Having completed 14 acquisitions in the past three years, lastminute.com now
owns and operates online brands including holidayautos.com, travelprice.com,
degriftour.com, travelselect.com, travel4less.co.uk, eXhilaration.co.uk,
medhotels.com, first-option.co.uk, gemstonetravel.com, onlinetravel.com and
lastminute.de.
lastminute.com seeks to differentiate itself by packaging and delivering
products and services, such as restaurant reservations, entertainment
tickets and gifts, in convenient, novel and distinctive ways. The company
has been successful in developing a distinctive and widely recognised brand,
which is intended to communicate spontaneity and a sense of adventure to a
youthful target demographic.
lastminute.com was founded by Brent Hoberman and Martha Lane Fox in 1998.
Brent Hoberman remains as CEO of the company which currently employs
approximately 2,000 people throughout Europe.

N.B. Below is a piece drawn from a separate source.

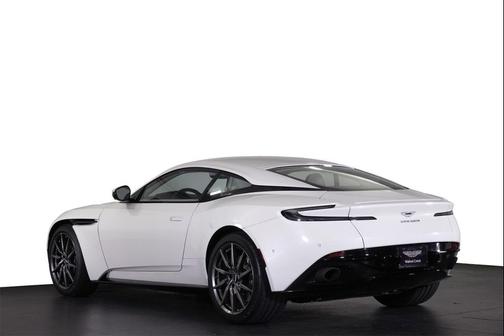 2018 Aston Martin DB11 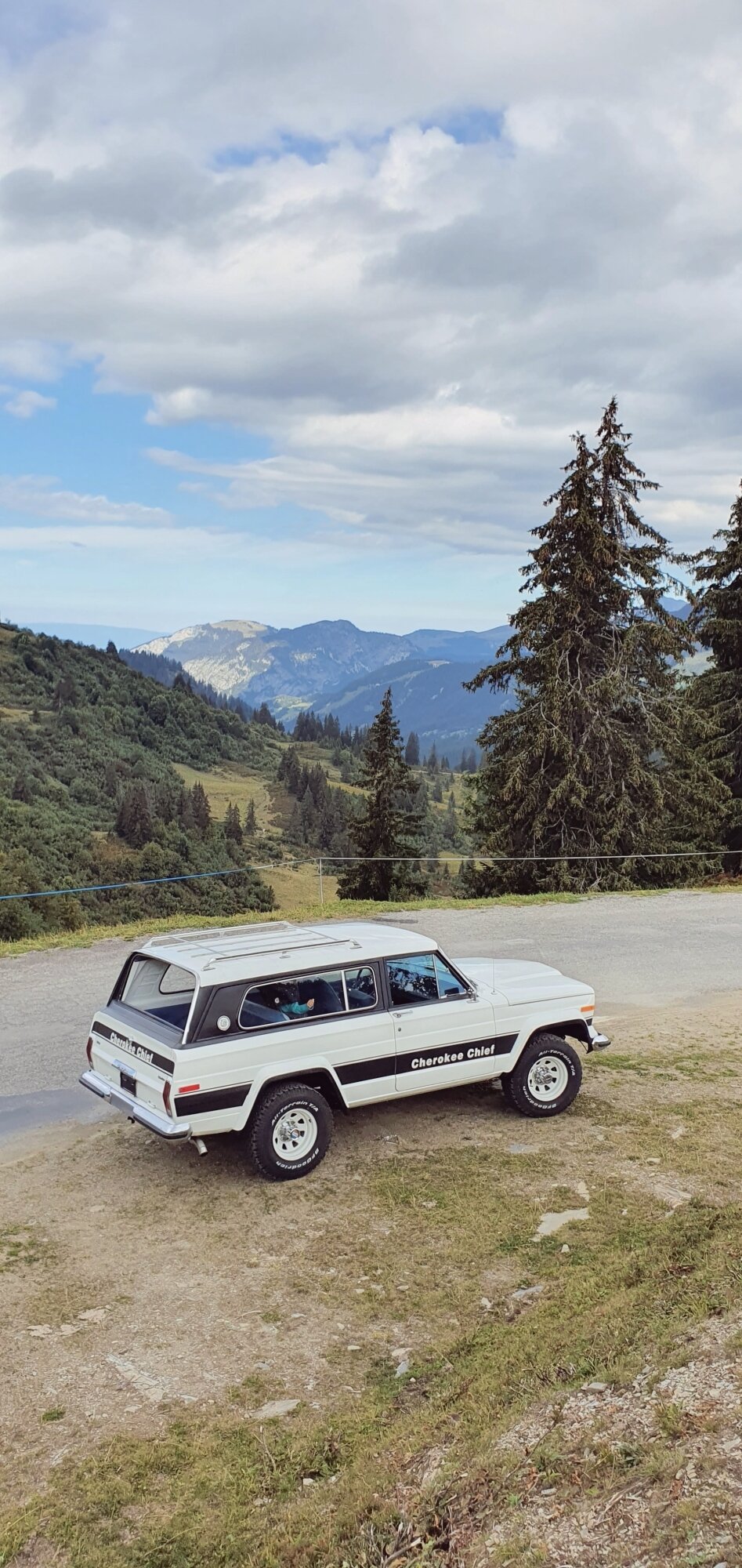 fotorjeep-cherokee-chief-1978-chatel-france-shooting-42.jpg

For the year ended 30 September 2004, lastminute.com reported total
transaction value (“TTV”), pre-exceptional EBITDA and profit (loss) before
tax of £992.3 million, £24.1 million and £4.3 million, respectively. Pro
forma TTV was £1,099 million. Consolidated net assets as at 30 September
2004 were £95.2 million, including cash at bank and in hand of £85.9
million.
About Sabre Holdings
Sabre Holdings is a world leader in travel commerce, marketing travel
products and providing distribution and technology solutions for the travel
industry. Sabre Holdings operates in multiple travel distribution channels:
the travel agency channel, the consumer-direct channel and the
business-direct channel. Through the Sabre® global distribution system,
subscribers can access information about, and can book reservations for,
among other things, airline trips, hotel stays, car rentals, cruises and
tour packages. The Sabre Travel Network™ business operates the global
distribution system and markets and distributes travel-related products and
services through the travel agency channel. Sabre Holdings’ engages in
consumer-direct and business-direct travel marketing and distribution
through its Travelocity® business (see below). In addition, the Sabre
Airline Solutions™ business is a leading provider of technology and
services, including development and consulting services, to airlines and
other travel providers.
About Travelocity
With millions of registered users and booking $4.9 billion of travel in
2004, the Travelocity segment markets and distributes travel-related
products and services directly to individuals, including leisure travellers
and business travellers, through Travelocity websites and contact centres,
and websites owned by its supplier and distribution partners. Travelocity
customers can access offerings, pricing and information about airlines,
hotels, car rental companies, cruise lines, vacation and last-minute travel
packages and other travel-related services. For business travellers, the
Travelocity BusinessSM online corporate travel agency provides the
integrated online corporate travel technology and full-service offering of
our GetThereâ product along with the online expertise of Travelocity.
Cautionary Notice
Statements in this disclosure which are not purely historical facts or which
necessarily depend upon future events, including statements about the
anticipated benefits of the proposed transaction to Sabre Holdings
Corporation (including the expected synergies or the forecasted effects of
the transaction on the financial performance of the company) or other
statements about anticipations, beliefs, expectations, hopes, intentions or
strategies for the future, may be forward-looking statements within the
meaning of Section 21E of the Securities Exchange Act of 1934, as amended.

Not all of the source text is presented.